The article indicates that the Norwegian company's $US 1 billion purchase of a majority stake in Indian cellco Unitech Wireless is not expected to add significantly to revenue and will generate and EBITDA loss of of NOKA 2-2.5 billion ($US 295 million-369 million). Revenues are not expected to begin flowing from the greenfield operator, which has licences in all 22 of India's telecoms circles, until mid-2009.

The largest shareholder in Telenor, the 7th-ranked telecoms operator in the world in terms of subscriber numbers, is the Norwegian Government, which was apparently initially supportive when the business proposed a rights issue in order to fund the Unitech Wireless purchase while maintaining the company's credit rating.

While Telenor CEO Jon Fredrik Baksaas has continued to express great confidence in the long-term value of the move into the Indian market, investors have not responded well to news of the acquisition. The proposed rights issue has also attracted criticism, not least from Norway's Conservative opposition, which attempted to persude the Government to prevent Telenor from selling shares to fund the Indian adventure.

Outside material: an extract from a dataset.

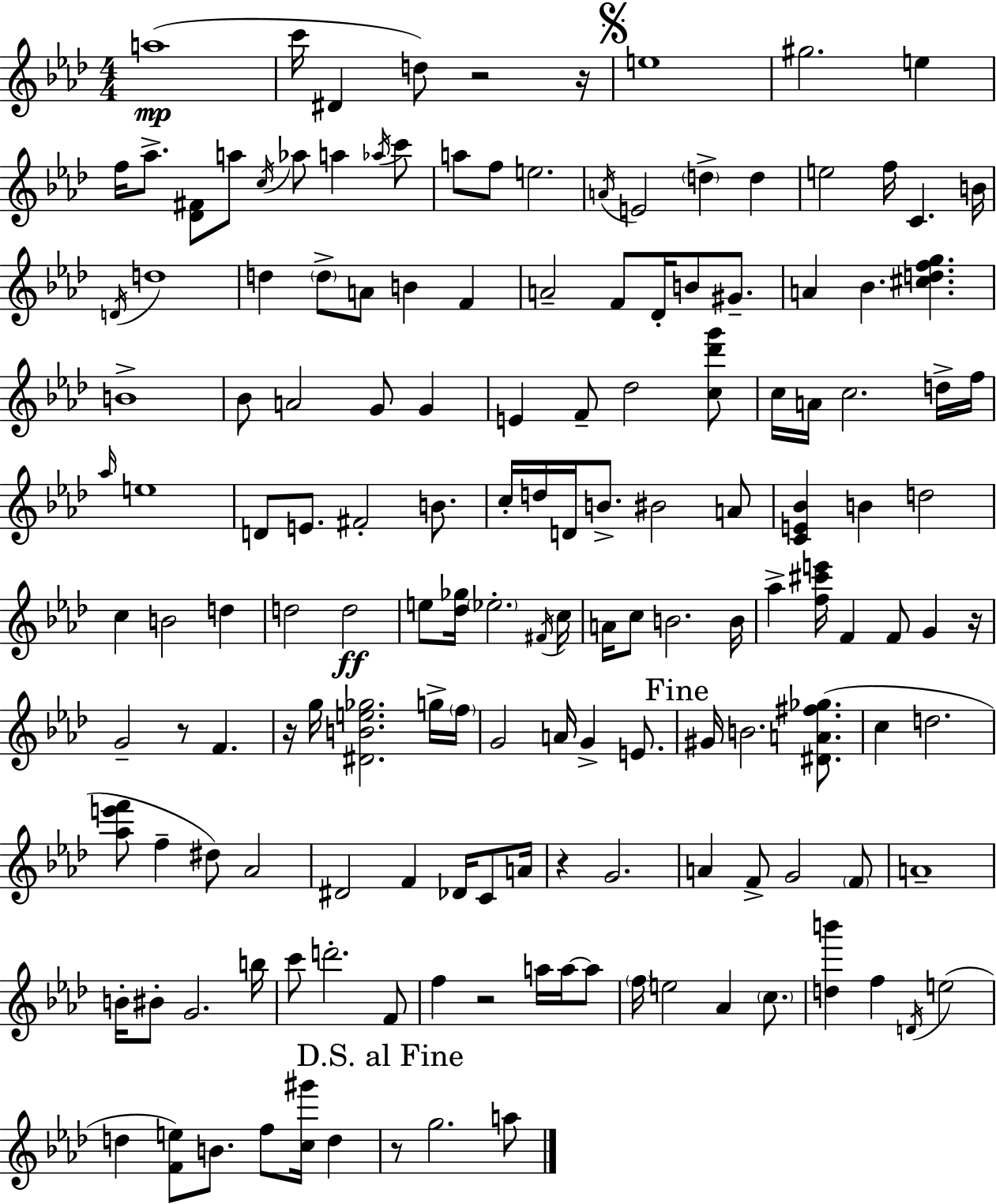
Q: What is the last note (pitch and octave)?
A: A5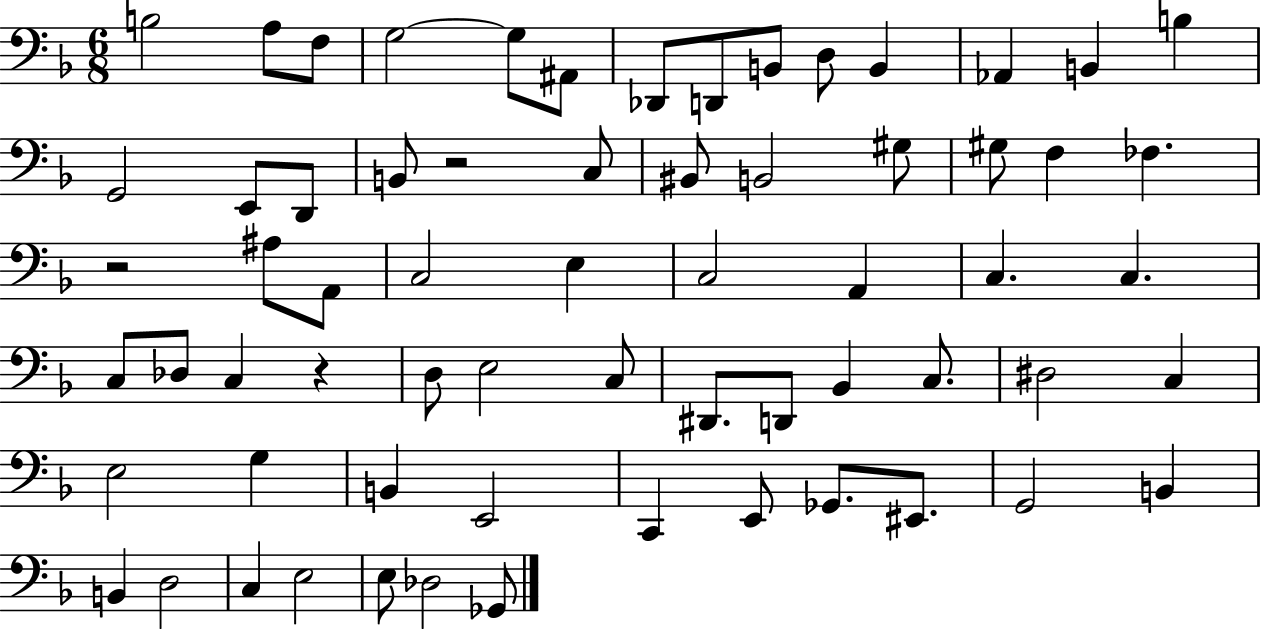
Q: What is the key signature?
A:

A Bloomberg TV interview with Baksaas on November 9th was prefaced with a reminder that Telenor's share price fell by as much as 20% on the trading day on which the Unitech deal was announced. Baksaas reponded by saying "The negative swing in the share price was greater than we had expected... but in order to build a long-term... mobile operation takes years." He reminded viewers that the company has been making such long term bets in Ukraine, in Russia, in Malaysia and in other countries for many years. "It is a period of investment that's needed in order to grow towards a sustainable, long-term position," Baksaas explained.

Baksaas told viewers about the criticism Telenor faced when entering Ukraine, then "one of the poorest countries in Europe" in 1997 and stated that Kyivstar now one of the best performing contributors to the Telenor business.

When interviewed by the same channel twelve days later, by which time the fall in Telenor's share price (since the Unitech announcement) was 26%, described by the interviewer as the largest in eight years, Baksaas was speaking about the good growth prospects afforded by India's low teledensity relative to other countries in the region. He sounded lukewarm about the prospect of Unitech getting involved in the Indian 3G licence auction, saying that the company would be intitially focused on "basic services". Baksaas was also keen to express the belief that the telecoms industry is likely to be more resilient than many sectors in a downturn.

Late last month, Telenor finally withdrew the proposed rights issue, electing instead to fund its investment in Unitech Wireless in India through a combination of cash flow and issuance of additional debt. A proposed immediate result of this will be to make no payment of dividend to shareholders for 2008 or 2009.

Yesterday, another Nordic telecoms giant was reporting a positive contribution from emerging markets business units. As reported by Telecompaper, TeliaSonera's Eurasian activities continued to show strong growth, with sales up 45 percent to SEK 4.2 billion and EBITDA rising 57 percent to SEK 2.1 billion. Consolidated since October 1, 2008, the operations in Nepal and Cambodia affected net sales positively by 5.8 percent. However, according to Total Telecom, TeliaSonera cautioned that it needs to "be prepared for a potentially drawn-out economic downturn that may affect consumer and corporate behavior."